A recent trip to one of the strangest spectacles on Earth – an arts festival in the Nevada desert – reminds us how exciting construction can be when it’s done in collaboration with the culture it springs from
I have just returned from the third-largest city in Nevada: Black Rock City. This city, with a population of 70,000, exists for just nine days, once a year. It is one of the densest cities in the USA and has its own airport but almost no cars; most journeys are made on bicycle or foot.
If the thought of that isn’t mind-boggling enough, this all happens in one of the harshest environments on Earth: the Nevada desert. Here the weather is often violent and unpredictable, with dust storms, high winds, boiling hot days and freezing nights.
Founded as a small gathering in San Francisco in 1986, Burning Man has evolved into what it advertises as a “temporary metropolis dedicated to art and community”. Attending Burning Man festival is like landing on another planet: a vast desert populated by a peaceful, friendly, out-there people with a culture of its own.
The aim is for attendees to help “co-create” a huge arts festival, surrounded by giant interactive art installations and sculptures.
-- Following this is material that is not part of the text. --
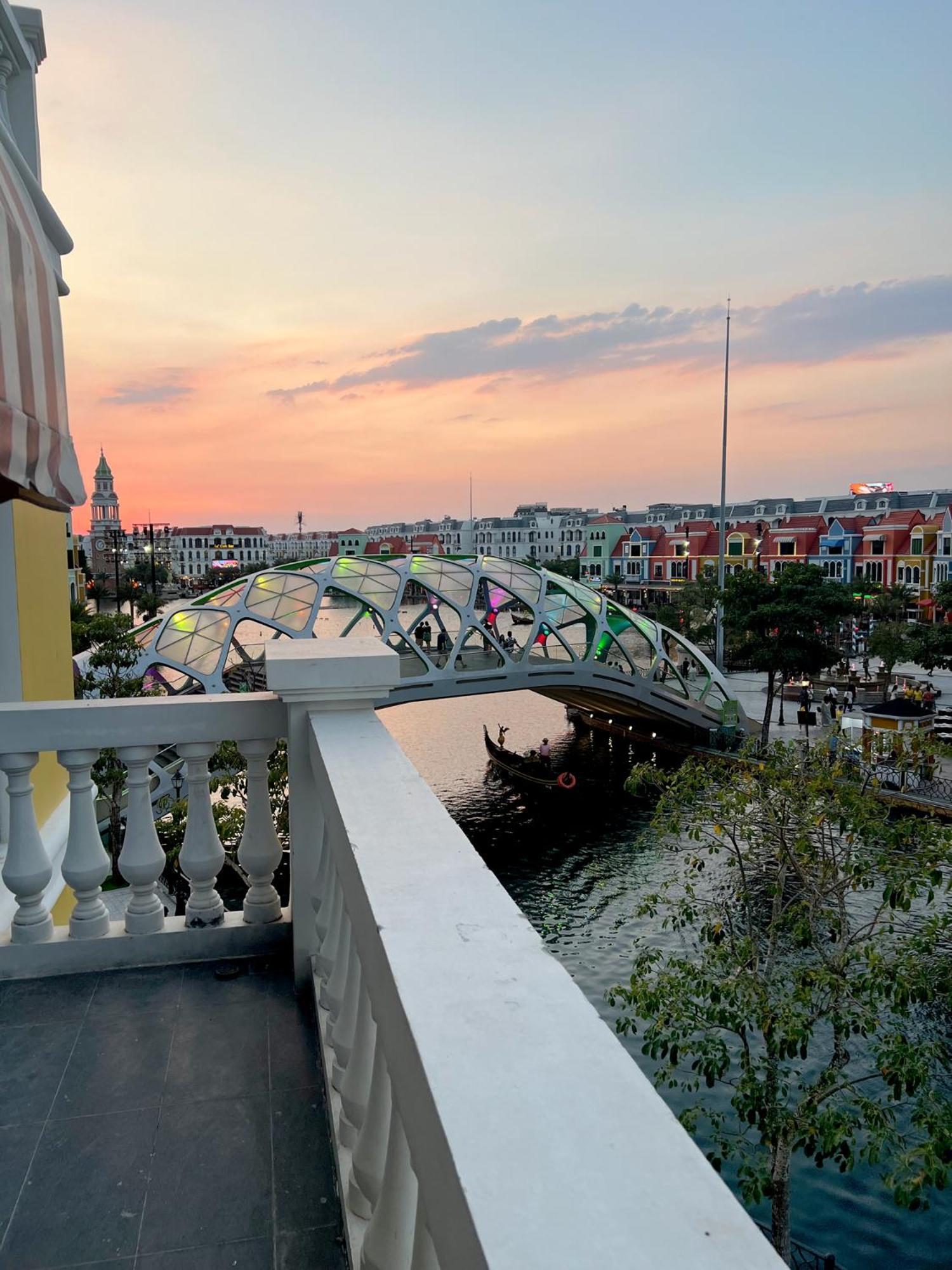 Legacy Hotel - Grand World Phú Quốc Exterior foto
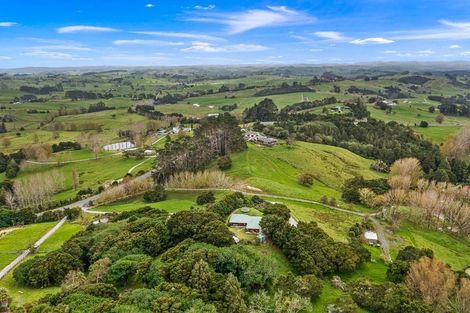 Photo of property in 5352 Kaipara Coast Highway, Wellsford, 0972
Imagine a scene from the movie Mad Max and the Serpentine summer show times fifty and you won’t be far off.
The more control people have over their built environment, the more invested they are in it
The infrastructure needed for that many people is a tough enough task regardless of the harshness of the desert environment. The outcome is an amazing mix of the weird and wonderful; the speed of construction and the transience feeds innovation. Built to survive extreme conditions, high winds, sand storms and large temperature fluctuations, none of the structures would see the light of day if they had to go through a conventional “planning process”.
But the Heath Robinson construction, with a nod to health and safety, only adds to your sense of adventure. The thoughtful and collaborative design process means the buildings are always fit for purpose – be it shelter, celebration, remembrance, rest or fun.
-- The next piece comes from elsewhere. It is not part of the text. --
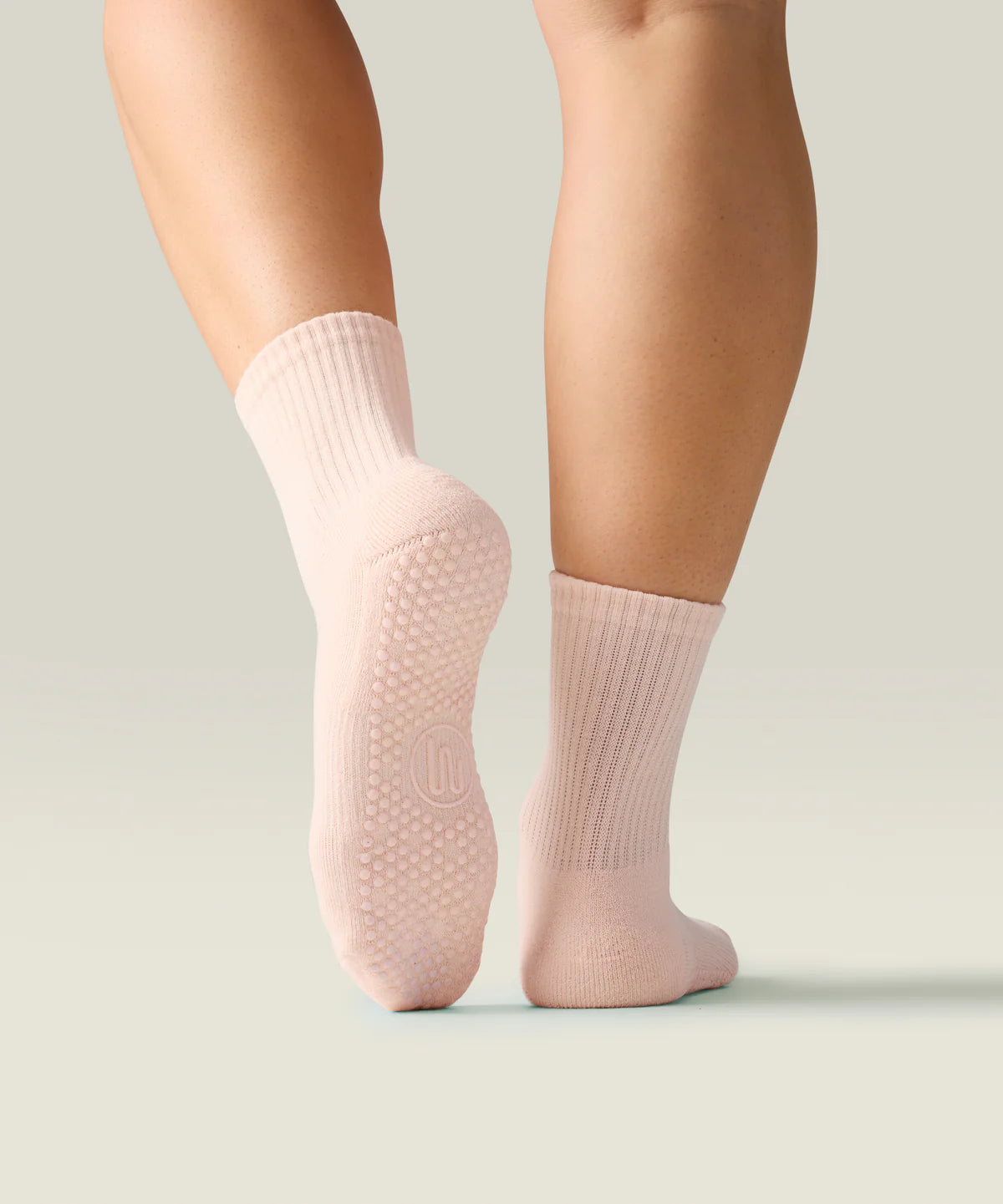 [MoveActive] Crew Non Slip Grip Socks - Soft Pink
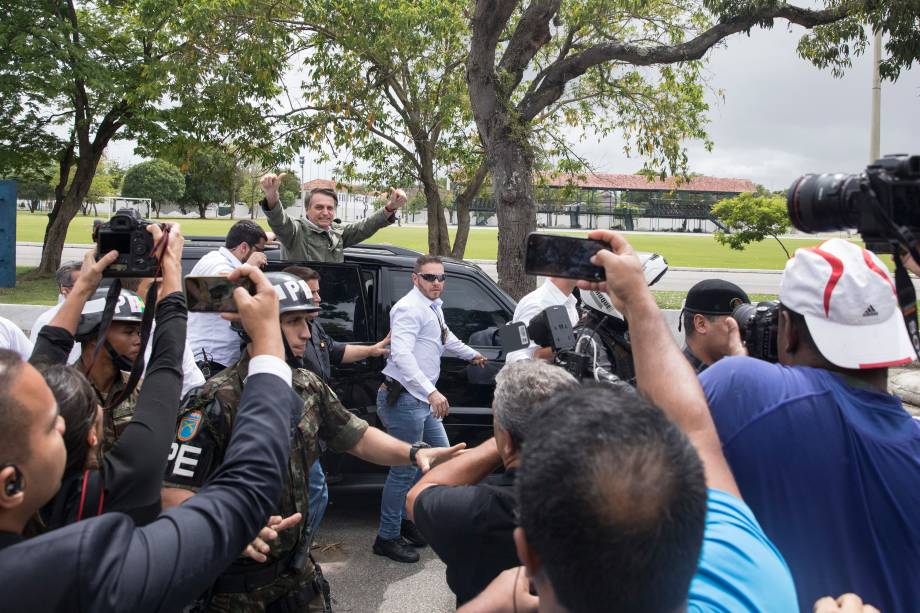 O candidato a Presidência da República Jair Bolsonaro (PSL) deixa a escola onde votou, na Vila Militar em Deodoro, na Zona Oeste do Rio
As I reflect on the extraordinary few days I spent in this bizarre place, I wonder what lessons can be learned from such a feat of ingenuity – and how it relates to our experiences in the UK.
The truth is, there are myriad reasons why you could never, or would never, create much of the building practice at Burning Man. The speed of construction revolves around an absence of rules and regulations that one would never wish to emulate – especially now as we, as an industry and as a city, grapple with the aftermath of a tragic fire.
Yet the outcome is so extraordinary, so uplifting and exciting, that capturing the energy that makes such a city would be a good start. Through my role on the National Infrastructure Commission and now the Major Projects Association I can see that long-term, large-scale projects with long timelines could definitely do with a quick burst of energy now and again to keep the momentum going.
So, how do we do it? There are actually examples of it already happening: pockets of success in London and other cities around the UK and abroad; examples of projects where the energy and excitement of temporary events have been harnessed to create real, lasting pieces of city. Before “meanwhile use” and “pop up” became a thing, the London Festival of Architecture (LFA) pioneered this way of working, using temporary projects to demonstrate, “simply but powerfully, the potential for a better city”, to quote Sarah Ichioka, former LFA co-director.
Notable LFA projects included the temporary pedestrianisation of Exhibition Road in South Kensington, and EXYZT’s Southwark Lido – a joyful temporary lido complete with beach, paddling pool, sauna and sun deck, which sprang up on Union Street and became the springboard for architects who would form Practice Architecture and Assemble, the first architects ever to win the Turner Prize in 2015.
Before “meanwhile use” and “pop up” became a thing, the London Festival of Architecture (LFA) pioneered this way of working, using temporary projects to demonstrate, “simply but powerfully, the potential for a better city”
Whether it is through co-design, co-production, collaboration, or co-creation, the idea of acting together is a fundamental principle that is easily transferable. It is also a principle that the mayor of London is keen to promote through his “good growth by design agenda”. This week I listened to Sadiq Khan and his deputy mayors talk of their ambition for “co-creation” and how it can help to positively grow our capital city, by changing the way we approach ownership of projects and the responsibility for outcomes.
My own practice, dRMM, worked over a 10-year period to deliver the reconstruction of Hastings Pier. The success of this project has much to do with the ongoing consultation process that has embedded the project into the heart of the community. Hastings Pier adds appreciable value to a project because it establishes an early shared vision that guides the design team toward a solution based on an authentic understanding of a community’s wishes and needs. It ensures that design is the product of the culture that builds it, not the product of a singular ego or fashionable trend. The more control people have over their built environment, the more invested they are in it.
Burning Man is not a spectator sport, and neither should the design of our built environment be, but we must understand that different people will want to engage in different ways, just as Burning Man itself is perhaps not for everyone.
If we can all encourage a true spirit of working together, within an environment of mutual respect and social inclusivity, and build on existing success stories in London and further afield, co-creation is set to be a benchmark which I hope will continue to change the way we make our cities.